By Patrick F. Cannon
When you reach a certain age (i.e., when you get as old as me), you are apt to receive e-mails from contemporary friends and relatives forwarding content extolling the “good old days.” Now, the “good old days” are defined as that halcyon era of our youth when perfection had been reached. Ever since, we all know, the world has gone to hell in a hand basket (which must confuse the devil no end. Does he recycle them?).
Leaving aside cultural considerations for the moment, for which opinions are subjective anyway, let’s just look at a few areas that might be of interest. While most people would argue the opposite, crime rates are generally lower than they were in 1956, the year I graduated from high school. The murder rate, which did peak in the 1980s, has returned roughly to where it was then. This is not to say that murder is not a problem in some cities, but in the majority of the country it remains a rare occurrence.

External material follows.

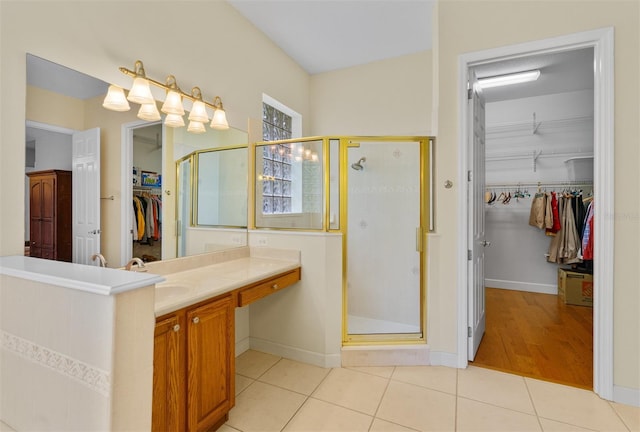 3372 Bellington Dr, Orlando, FL 32835 - bathroom with a walk in closet, a shower stall, vanity, and tile patterned flooring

While the clamor sometimes suggests the opposite, race relations and opportunities for minorities continue to improve. In 1956, we had no civil rights or voting acts. When I served in the Army at posts in the South in the early 60s, I could not go out to dinner in town with my African-American friends. When I returned to Chicago in 1963, there were still restaurants, clubs and other establishments that would not serve African-Americans. Although they didn’t experience this kind of discrimination, women too have increasingly assumed their rightful places at the top tables.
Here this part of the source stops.